Il termine Nazione nel senso moderno della parola non esisteva prima della Rivoluzione francese, anche perché il governo dei cittadini non si basava sull’identità tradizionale ma sull’appartenenza politica. Lo scopo dei rivoluzionari, oltre al totalitarismo, fu quello di creare uno Stato attraverso l’oppressione del sistema centralista in cui, tra l’altro, l’uso delle lingue autoctone era proibito; cosa che nel quadro legislativo francese ancor oggi è un dogma di fede da adorare sull’altare laico della Repubblica.
A questo proposito è ben ricordare le parole del “prete cittadino“ abate Grégoire, capo della chiesa francese di Stato, che fece una guerra dichiarata alle lingue locali a favore della “purezza” del francese: 1)

Nous ne voyon pas qu’il y ait le plus inconvénient à détruire notre patois, notre patois est trop lourd, trop grossier, l’anéantissement des patois importe à l’expansion des Lumières.

Grazie alla professione di fede civile “aperta e laica”, attraverso una lingua livellata sul francese, fu creato il prototipo dei totalitarismi di ogni epoca: la manipolazione strumentale e politica del linguaggio, quella con la quale molto spesso si è scritta la storia dei vincitori.
La parola “patriota” è l’eredità rivoluzionaria della fine del XVIII secolo, in uso a coloro che lottarono per l’indipendenza di tredici colonie americane e che daranno vita nel 1776 (attraverso il genocidio dei nativi) agli Stati Uniti d’America, mentre in Europa rappresenterà coloro che lottarono contro l’Ancien régime.
La borghesia al comando dello Stato, attraverso il terrore rivoluzionario, fu fondamentale per cambiare a fondo la fisionomia politica continentale. Nel passaggio dall’Europa dei Principi all’Europa degli Stati-nazione, coloro che mostrarono scarsa vocazione rivoluzionaria in qualche modo furono “convinti” attraverso la ghigliottina. Sotto quella lama, oltre alla nobiltà e al clero, passarono le popolazioni autoctone che spesso non compresero affatto il “valore” politico dei “lumi” in generale, e in particolare la centralizzazione forzata dei territori.

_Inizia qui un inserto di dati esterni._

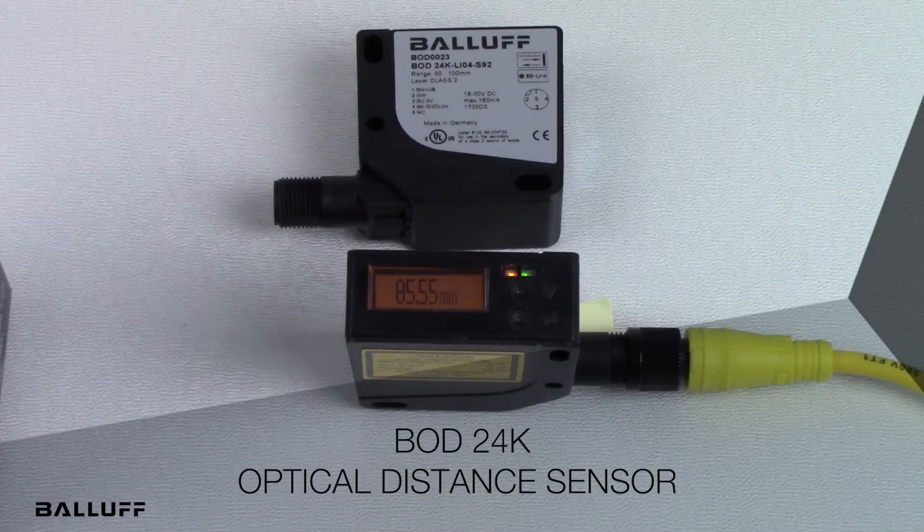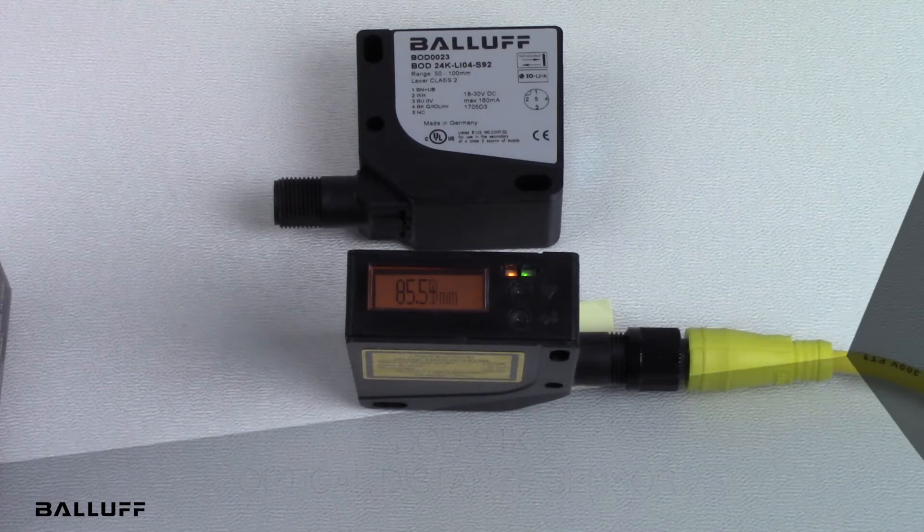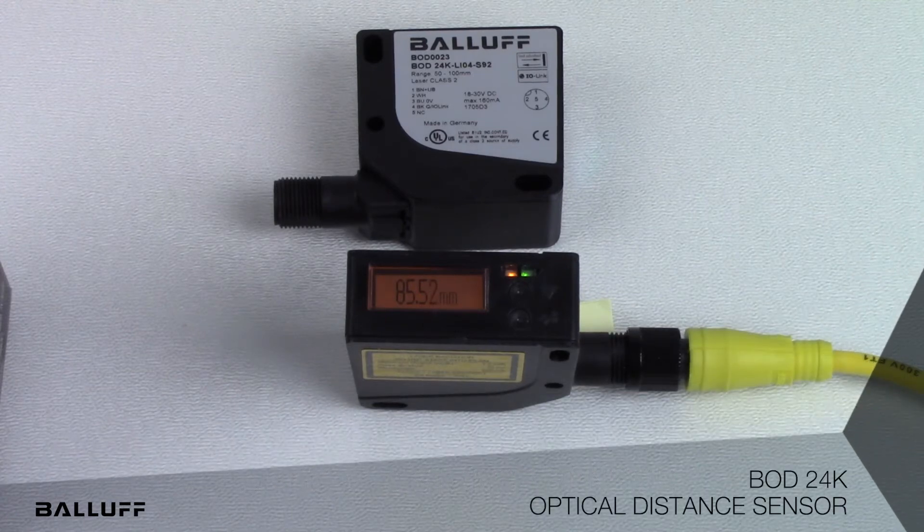Welcome to the introduction of the Balluff BOD 24K Optical Distance Sensor. This sensor comes in two configurations: first, a 50 to 100 millimeter sensing range with a resolution of 10 microns; second, a 50 to 650 millimeter sensing range with 100 microns resolution.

francia centralismo - Abbe-Gregoire

L’abate Grégoire.

Per changer la nature de l’homme, i giacobini trasformeranno le persone in cittadini anche con la cancellazione del metafisico e dell’incarnazione storica del Logos Eterno, per abbracciare la “spiritualità” laicista passando attraverso il genocidio etnico in Vandea del 1793-1794 (mai ammesso dalla Francia), compiuto addirittura contro persone appartenenti allo stesso Stato.
Ma la storia, un po’ come la natura, prima o poi restaura il suo corso, e oggi il concetto astratto di Stato-nazione è sottoposto a severe critiche poiché la società, come un fiume che ha raccolto le acque avvelenate dagli affluenti di quell’epoca, è – come disse Zygmunt Baugman – diventata liquida. Dalla mancanza di riferimenti certi derivano molte contraddizioni che caratterizzano il dibattito sullo Stato e sulla sua forma di legame con l’etnia, la nazione, il nazionalismo e la nuova presa di coscienza sul comunitarismo.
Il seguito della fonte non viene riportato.